Records:
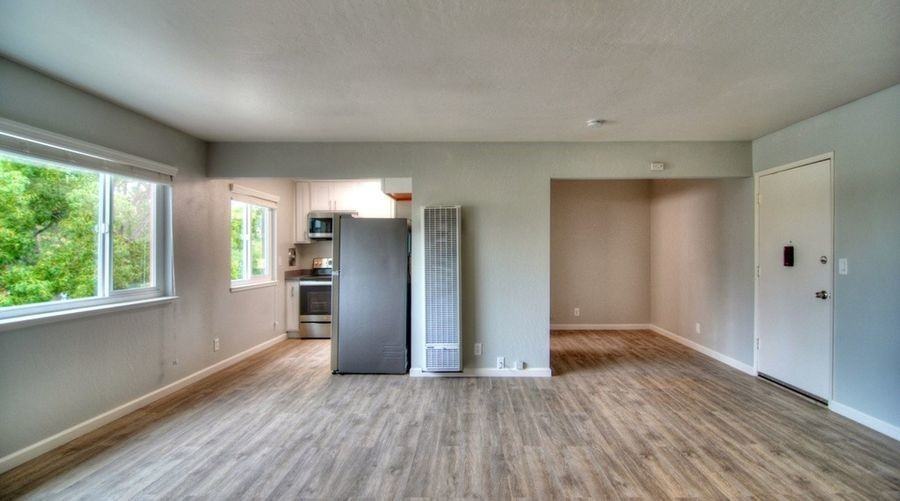 2240 Angela Ct #05 - Photo 2 of 8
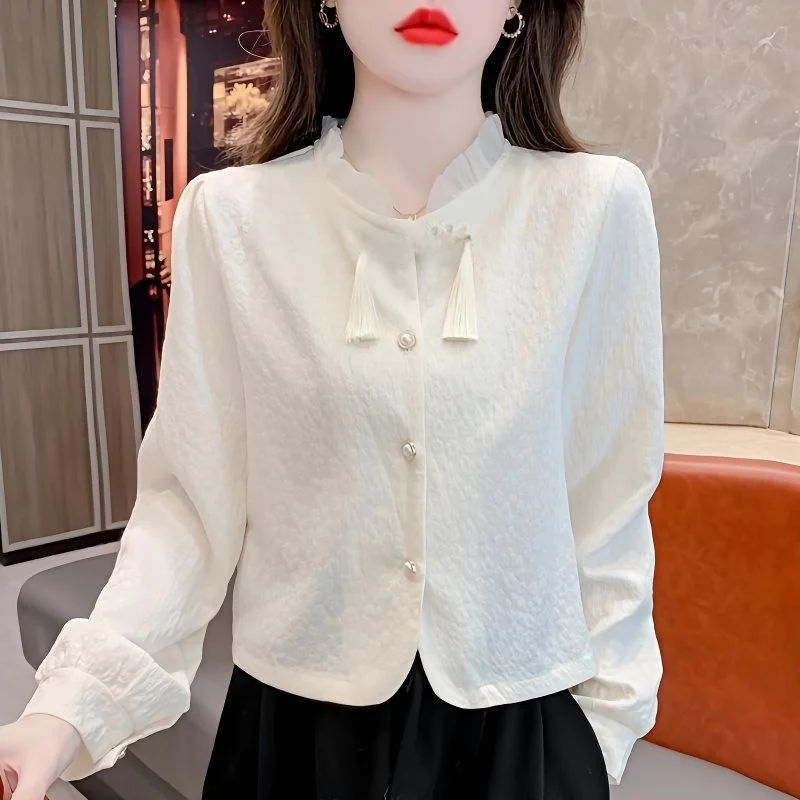 Camisa de manga larga con cuello alto bordado, estilo retro chino de alta gama, con botones y inicial personalizada, nueva colección de otoño.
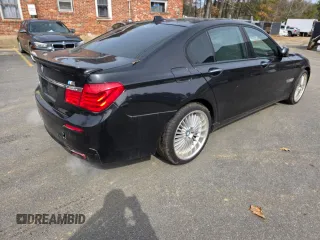 2012 BMW 7 Series 750i z VIN WBAKA8C56CCY3793, wystawiony jako Copart lot #49264245 z przebiegiem 118 295 mil mil oraz Czysty tytuł • Clean title. Historia ofert i sprzedaży dostępna na DreamBid. Obrazek 4.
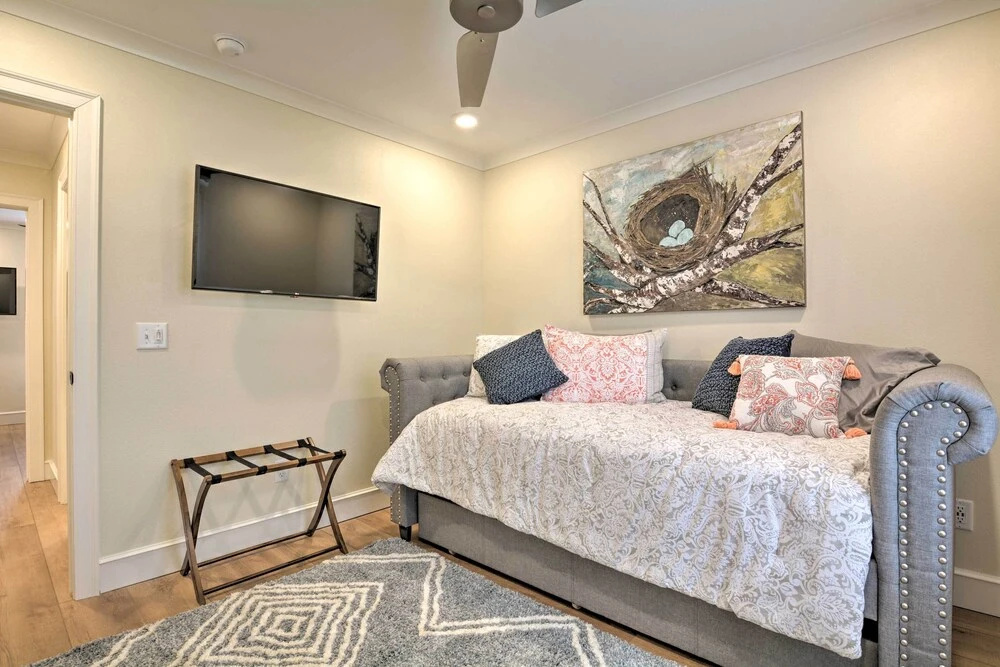 Updated & Modern House < 1 Mi to Dtwn Bentonville!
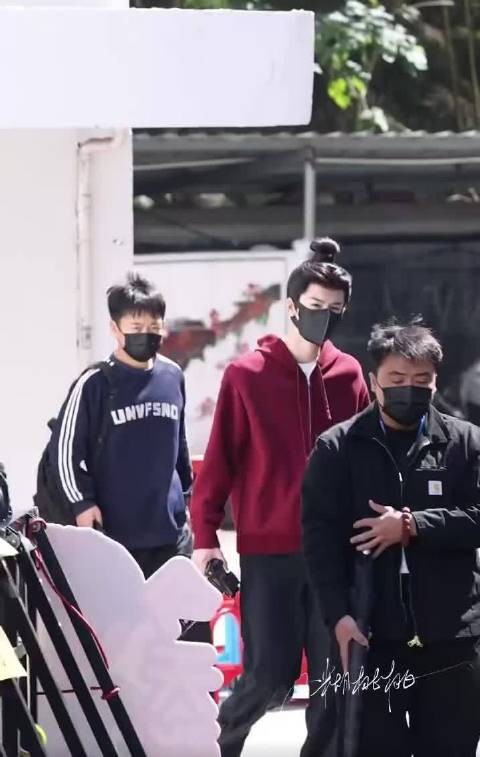张凌赫今日《刺棠》出妆路透来了,来看看造型怎么样吧?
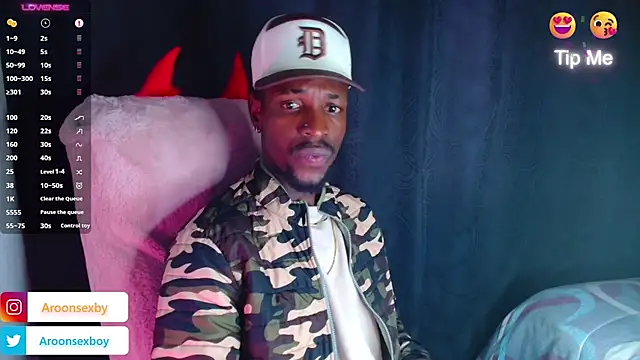 Aroonpapisex online show from October 2025 01:28:01 AM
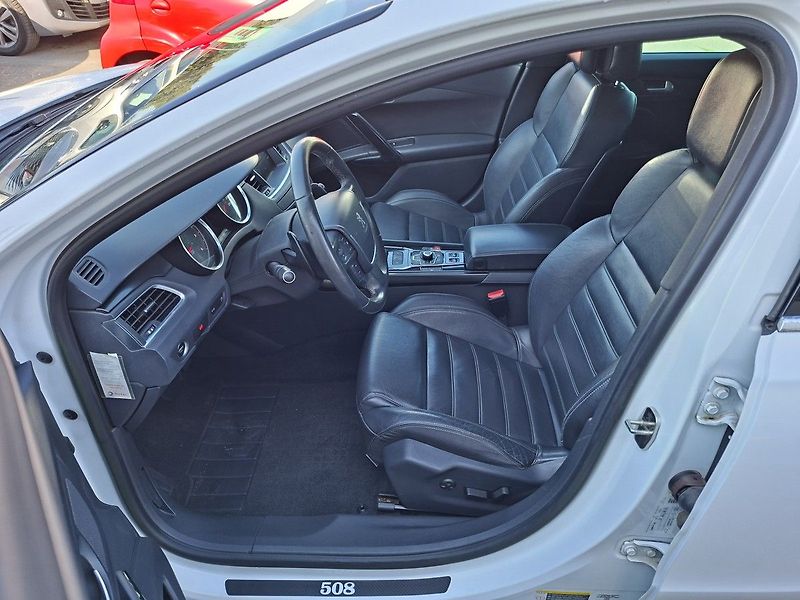 Peugeot 508 SW ALLURE 2,0 HDI AUT6 - fotka 13 z 27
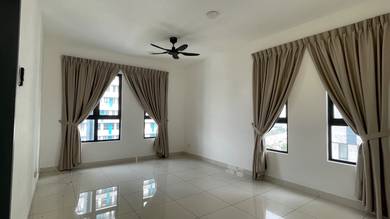 Trio by Setia 2 Bedroom 1 Study 2 Bath Partly Furnished for Rent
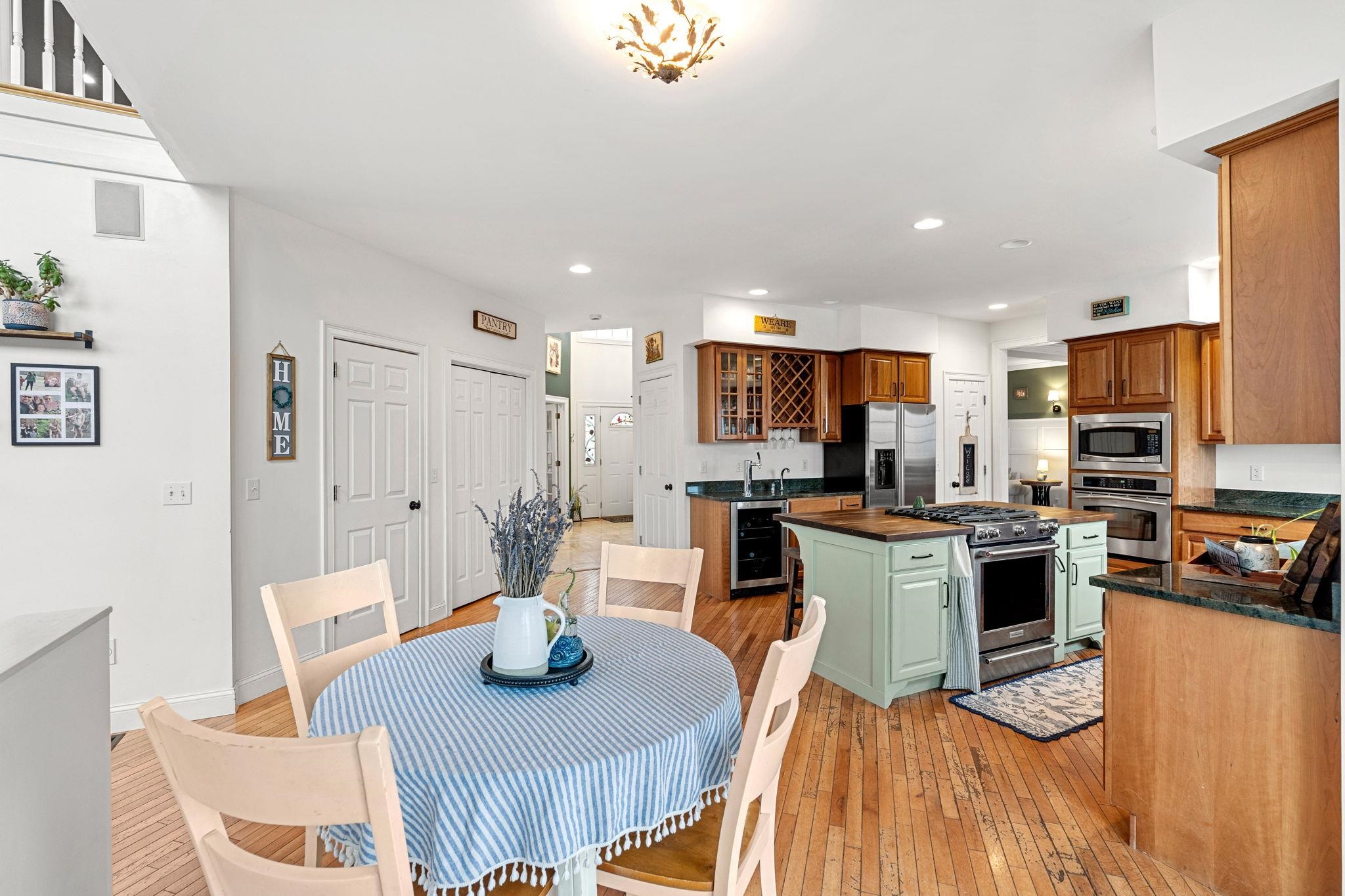 115 Roosevelt Road Weare, NH 03281 - Photo 21 of 60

Exercise aim:
Your copy should hold exactly the lines from the line bearing "2012 BMW 7 Series" through the end of the data, both included, and no pictures or anything further.

Response:
 2012 BMW 7 Series 750i z VIN WBAKA8C56CCY3793, wystawiony jako Copart lot #49264245 z przebiegiem 118 295 mil mil oraz Czysty tytuł • Clean title. Historia ofert i sprzedaży dostępna na DreamBid. Obrazek 4.
 Updated & Modern House < 1 Mi to Dtwn Bentonville!
张凌赫今日《刺棠》出妆路透来了,来看看造型怎么样吧?
 Aroonpapisex online show from October 2025 01:28:01 AM
 Peugeot 508 SW ALLURE 2,0 HDI AUT6 - fotka 13 z 27
 Trio by Setia 2 Bedroom 1 Study 2 Bath Partly Furnished for Rent
 115 Roosevelt Road Weare, NH 03281 - Photo 21 of 60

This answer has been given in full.